### Input
-------

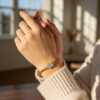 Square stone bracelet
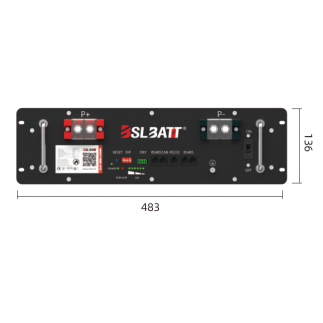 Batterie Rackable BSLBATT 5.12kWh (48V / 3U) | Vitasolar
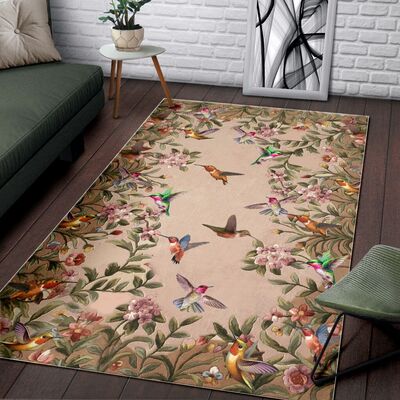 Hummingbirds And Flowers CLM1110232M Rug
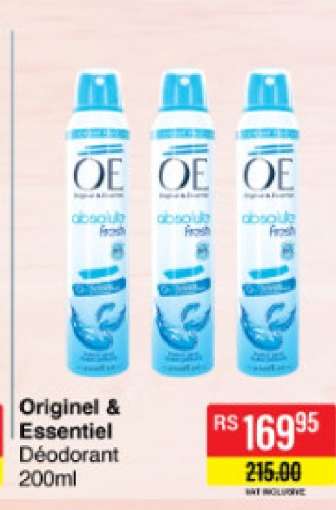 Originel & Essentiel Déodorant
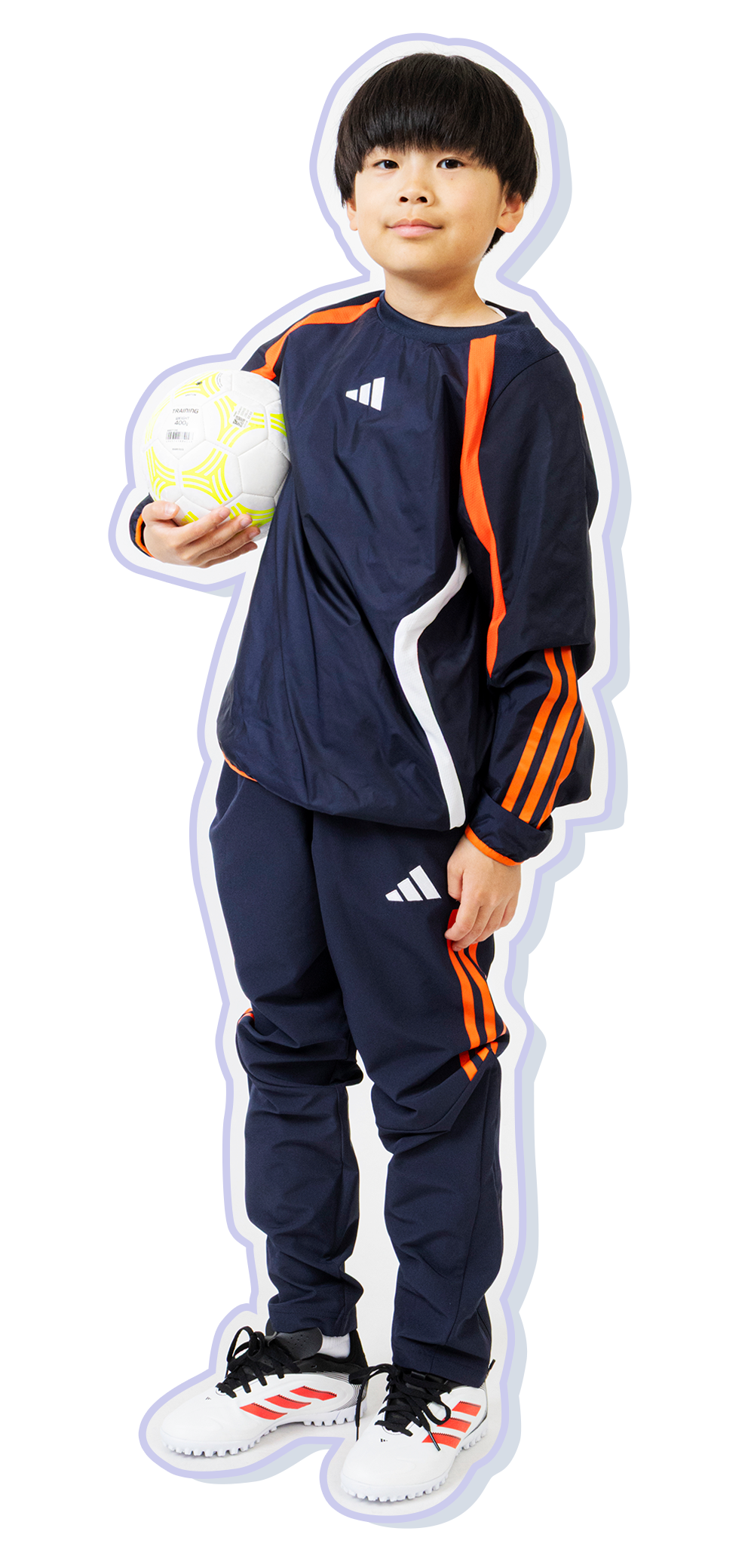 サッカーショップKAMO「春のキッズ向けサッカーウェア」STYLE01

-------

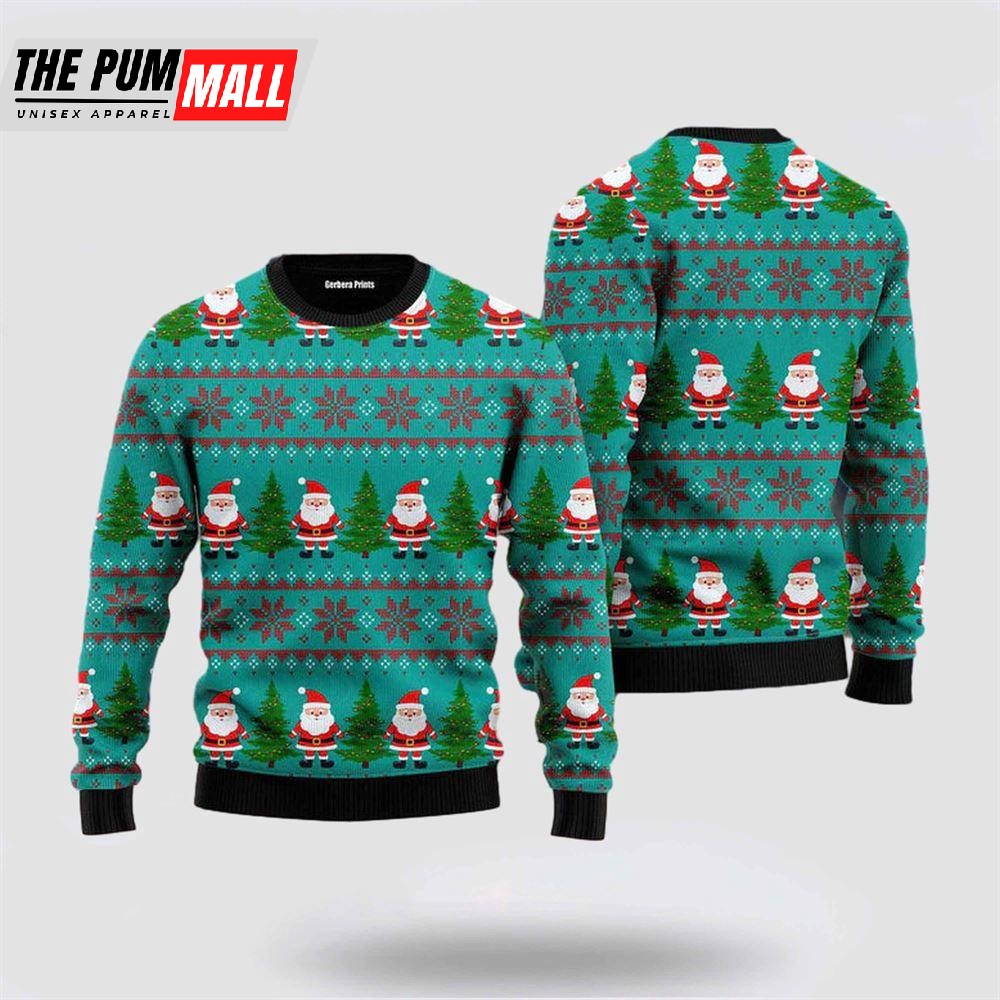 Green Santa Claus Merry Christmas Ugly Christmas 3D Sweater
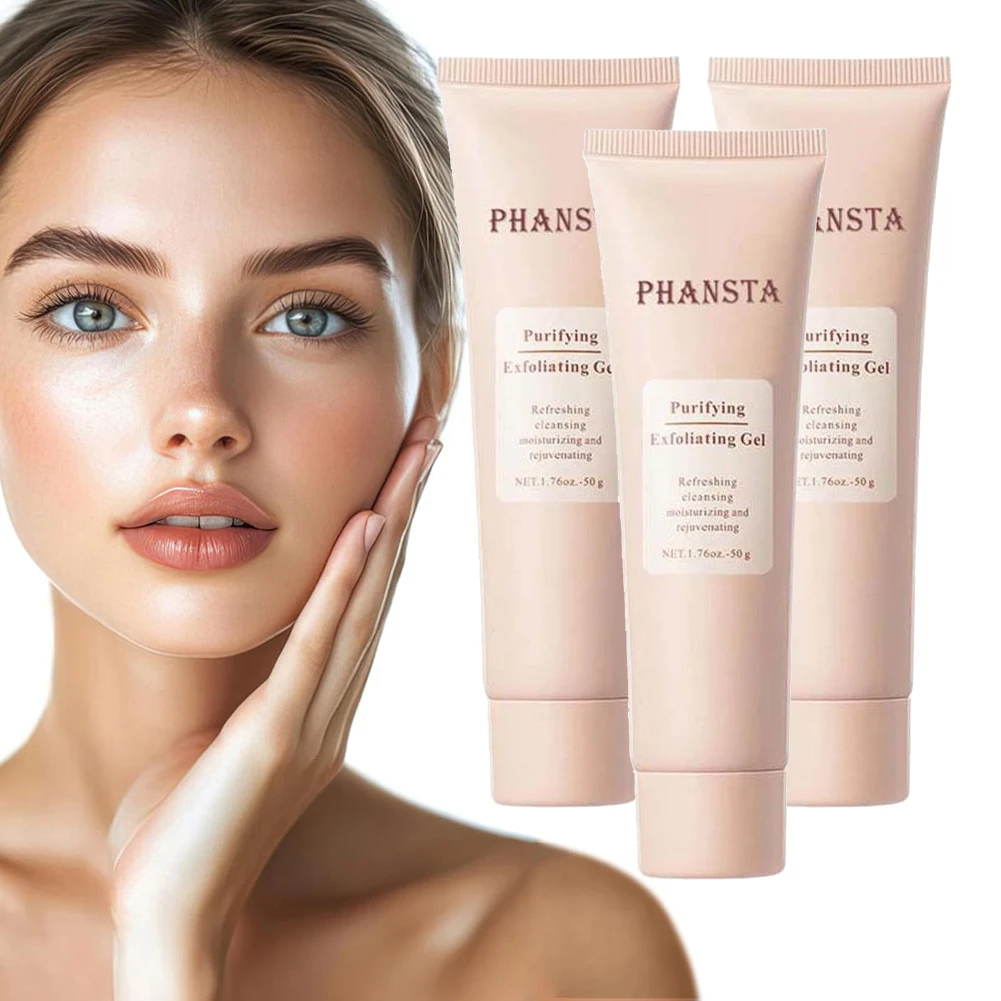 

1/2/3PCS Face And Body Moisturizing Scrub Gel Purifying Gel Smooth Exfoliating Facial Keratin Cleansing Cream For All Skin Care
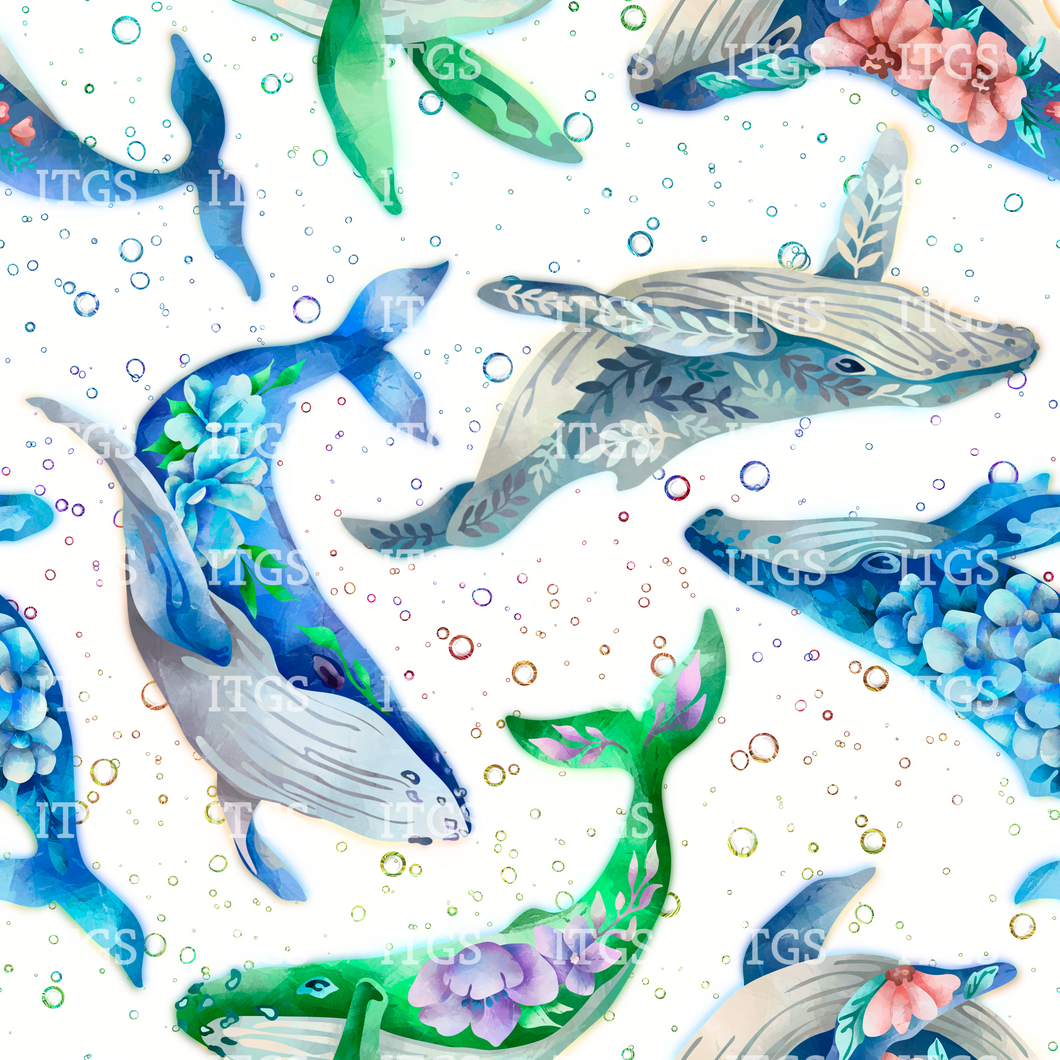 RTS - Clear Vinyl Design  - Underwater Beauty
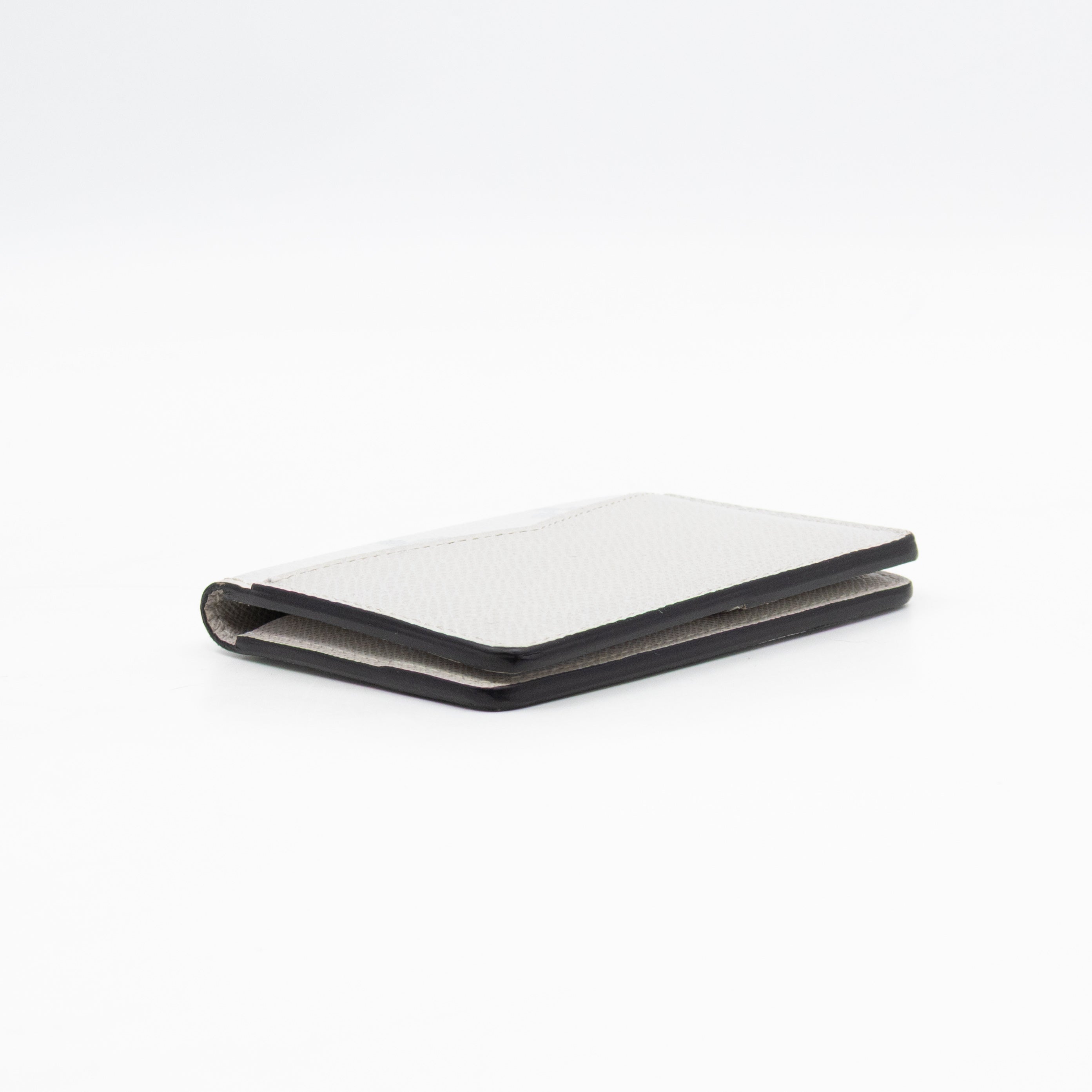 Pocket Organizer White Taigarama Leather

-------

### Instructions to follow
Using the listing above, restate exactly the range between the lines holding "Green Santa Claus" and "Pocket Organizer White Taigarama Leather", inclusive, with pictures left out.

### Exercise answer
 Green Santa Claus Merry Christmas Ugly Christmas 3D Sweater

1/2/3PCS Face And Body Moisturizing Scrub Gel Purifying Gel Smooth Exfoliating Facial Keratin Cleansing Cream For All Skin Care
 RTS - Clear Vinyl Design  - Underwater Beauty
 Pocket Organizer White Taigarama Leather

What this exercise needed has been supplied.